It’s been months since the European Union introduced its new General Data Protection Regulation (GDPR). Companies around the world have been scrambling to make sure they’ve met data storage consent rules, while also working out how to respond to customer enquiries about data retention. However, many of the more subtle aspects of GDPR best practice have been lost on firms who have ensured basic legal compliance and promptly forgotten all about it.
GDPR shouldn’t just be a regulatory responsibility. It also provides opportunities for companies to refine their practices and improve data management. In a post-Cambridge Analytica age, this is crucial for reassuring customers, as well as avoiding punitive penalties. These are five advisable (yet often overlooked) GDPR practices that 100TB would recommend to any client:
#1. Study the regulations in detail to identify potential benefits.

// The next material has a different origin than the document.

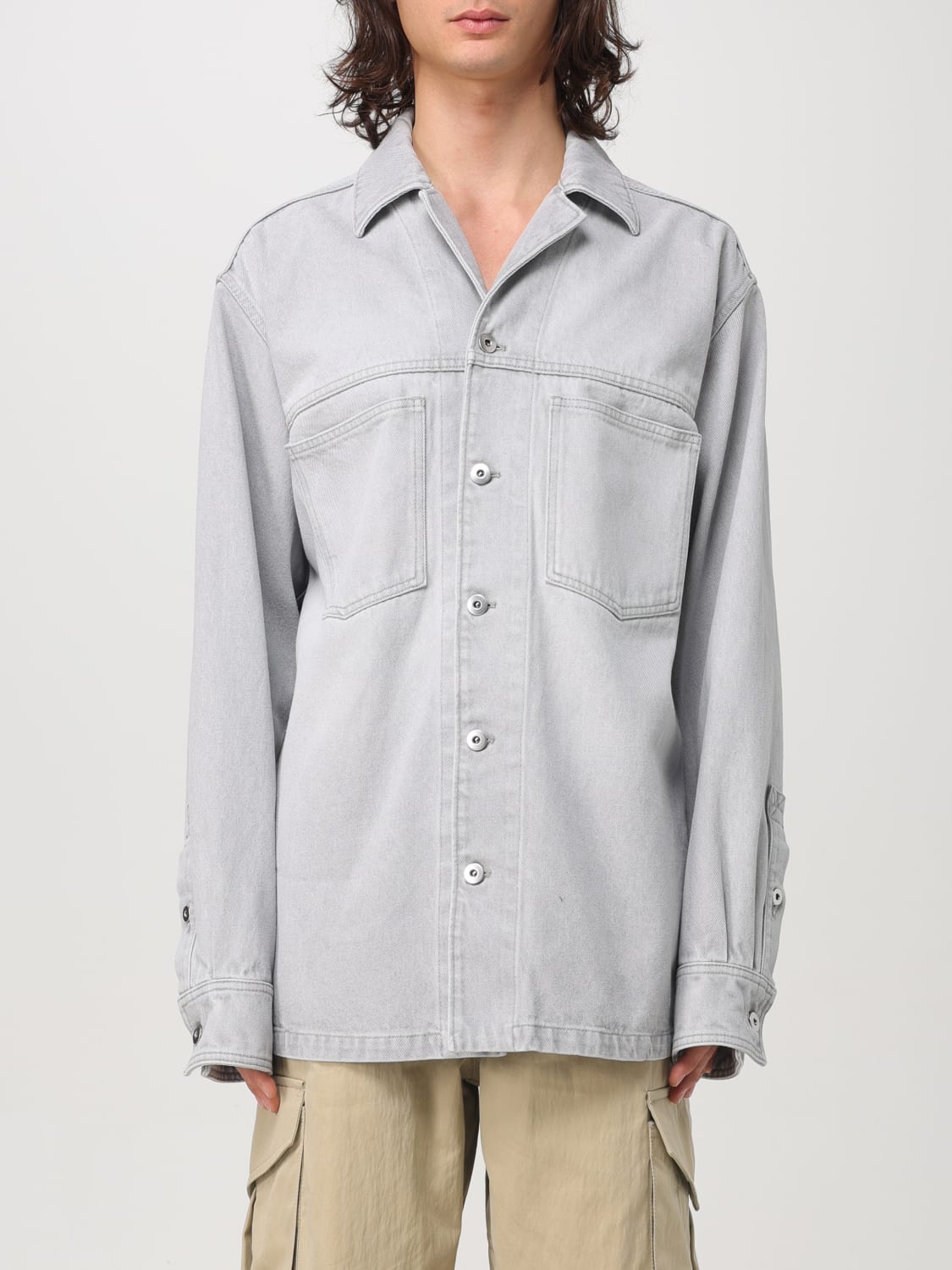 BOTTEGA VENETA HEMD: Hemd herren Bottega Veneta, Grau - Img 1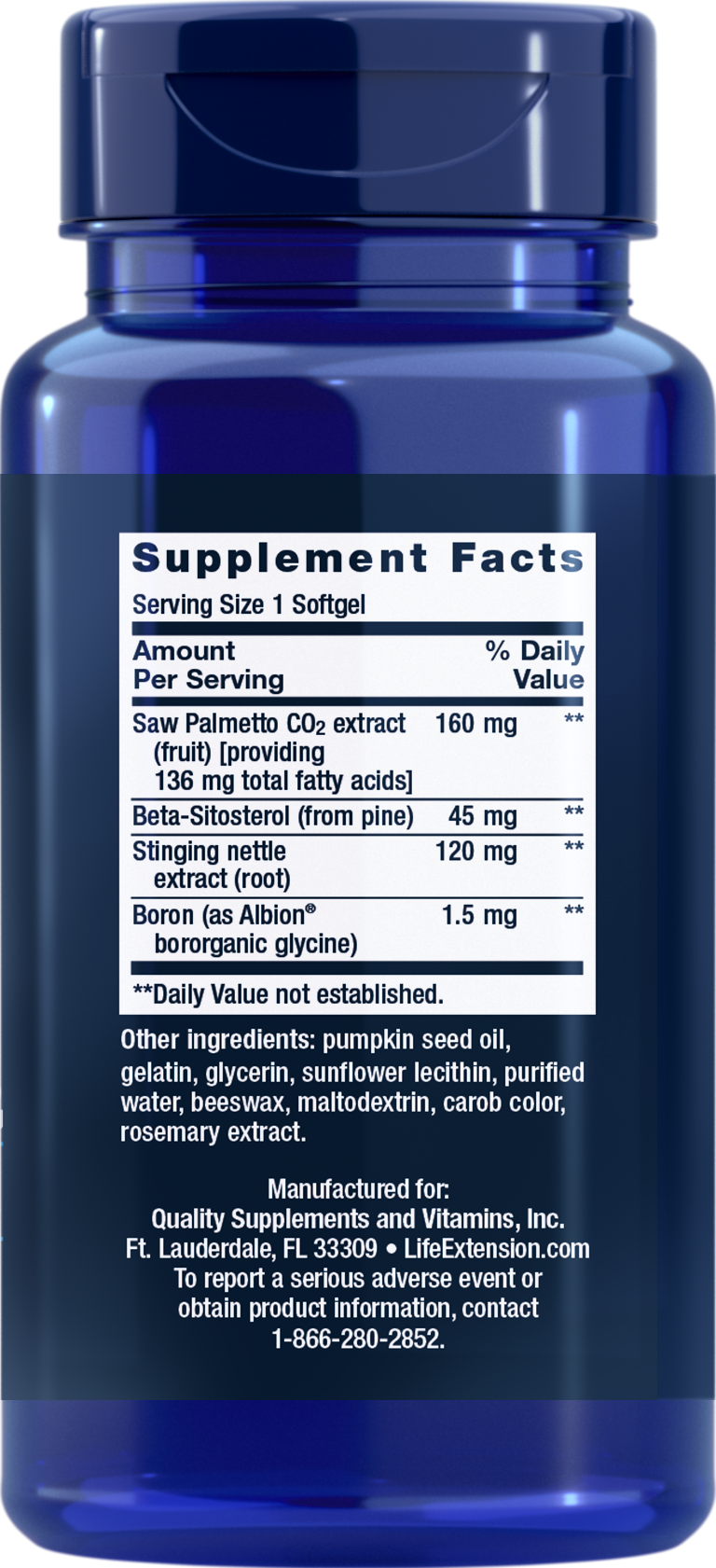 PalmettoGuard® Saw Palmetto, Nettle Root and Beta-Sitosterol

Don’t skim-read an executive summary of GDPR to ensure you’re legally compliant, and then move on. This is a golden opportunity to ensure your business only retains essential information about customers and suppliers, through a process known as data minification. These efficiencies may also lead to cost and efficiency savings – simpler databases make mailshots quicker, extra office space created by eliminating archive rooms, etc. Don’t forget GDPR applies to paper records as well as electronic ones.
#2. Appoint one person to the role of GDPR manager.
Ensuring legislative compliance is too important for anything to fall through the cracks, particularly as customers must be notified of a potential breach within 72 hours. Allocate responsibility for implementation and monitoring to a single individual. He or she must take the time to understand client lifecycles, from onboarding to offboarding, devising appropriate processes at each stage.
#3. Train staff so they understand the rules and implications of a breach.
GDPR has business-wide implications, and the appointed officer should educate staff about individual roles in achieving long-term compliance. This needs to be done in jargon-free language to avoid people losing interest and tuning out. Conversely, staff will adhere to the rules if they understand the benefits of GDPR – and the penalties for breaching it.
#4. Investigate archiving and data destruction processes.
If you had to destroy data, how would you do it? Would deleting everything on your C drive leave copies in the cloud, in email PST folders, or in ring binders? Data wiping now requires auditing records to prove that information was fully expunged in accordance with regulations. Achieving this involves staff training and standardized record-keeping, and identifying and resolving any weaknesses or errors in the existing system of data erasure.
#5. Develop a streamlined offboarding process.
Offboarding is a regrettable but necessary part of any company’s operations, saying goodbye to former clients before erasing their data. Yet the temptation remains to maintain archives (more commonly silos) of information ‘in case’ the client returns, even though GDPR stipulates data can only be retained if it’s absolutely necessary. Firms may wish to advise departing clients all correspondence and materials held on file will be deleted – it could even underpin a final push to retain their custom. Are you sure you want us to forget you?